Ethereum Launches - Moshe_Silnorin
https://blog.ethereum.org/2015/07/30/ethereum-launches/

======
erikpukinskis
This is a pretty huge deal. The plan is to build a fully decentralized compute
platform. They have worked out the basics but the protocol is still in active
development.

What happened today is they launched the mining network for the cryptocurrency
that will underpin it. In a few days they will start allowing financial
transactions. In the coming months cryptocontracts for
messaging/compute/storage will come.

The title is somewhat inaccurate, as only the blockchain launched today,
Ethereum itself is under active development. Anyone interested in leaning more
check out the talks from their 0th conference that was last year:
[http://www.youtube.com/playlist?list=PLJqWcTqh_zKEjpSej3ddtD...](http://www.youtube.com/playlist?list=PLJqWcTqh_zKEjpSej3ddtDOKPRGl_7MhS)

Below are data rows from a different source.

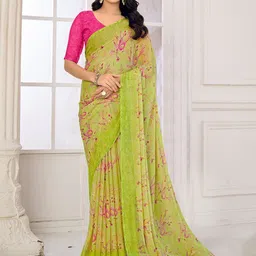 Saree mall Floral Pure Chiffon Designer Bagru Sarees-picture-10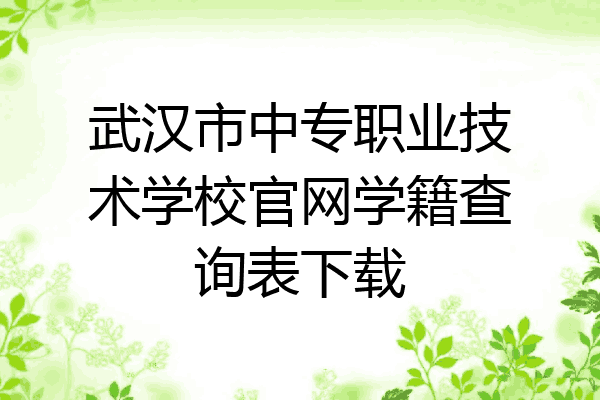 武汉市中专职业技术学校官网学籍查询表下载
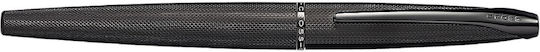 Cross ATX Writing Pen Medium Black made of Steel with Black Ink and with 1 Replacement Nibs
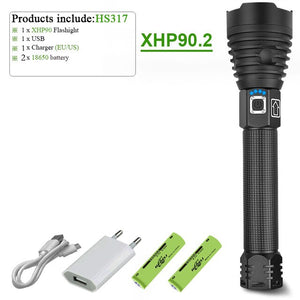 300000 lm xhp90.2 most powerful led flashlight torch usb xhp50 rechargeable tactical flashlights 18650 or 26650 hand lamp xhp70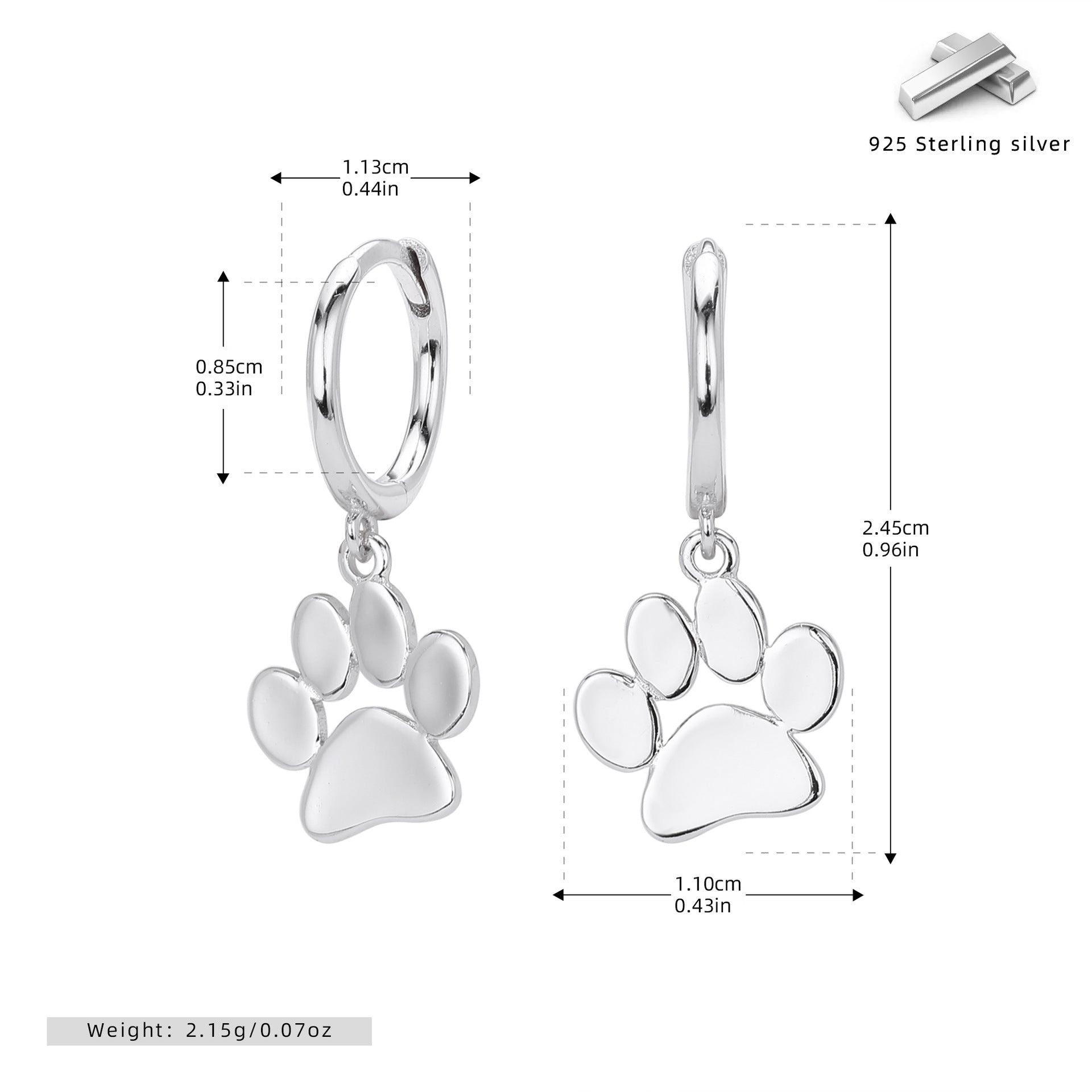 Damen Ohrhänger im stilvollen Pfoten-Design aus hochwertigem 925 Sterling Silber Shop Nory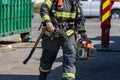 San Jose Fire Fighter on the seen during an Alviso scrap yard fire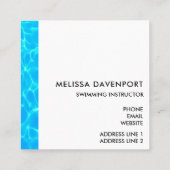 Carte De Visite Carré Photo de la piscine bleue (Dos)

This episode of Epicenter Bitcoin with Vitalik Buterin, who is kind of the
inventor, is also a good overview of the core contract and some immediate
challenges: [http://youtu.be/qPsCGvXyrP4](http://youtu.be/qPsCGvXyrP4)

------
kordless
This is an important moment in history, yet so few realize it. Congratulations
guys!

------
jhildings
Will be very interesting to follow this project!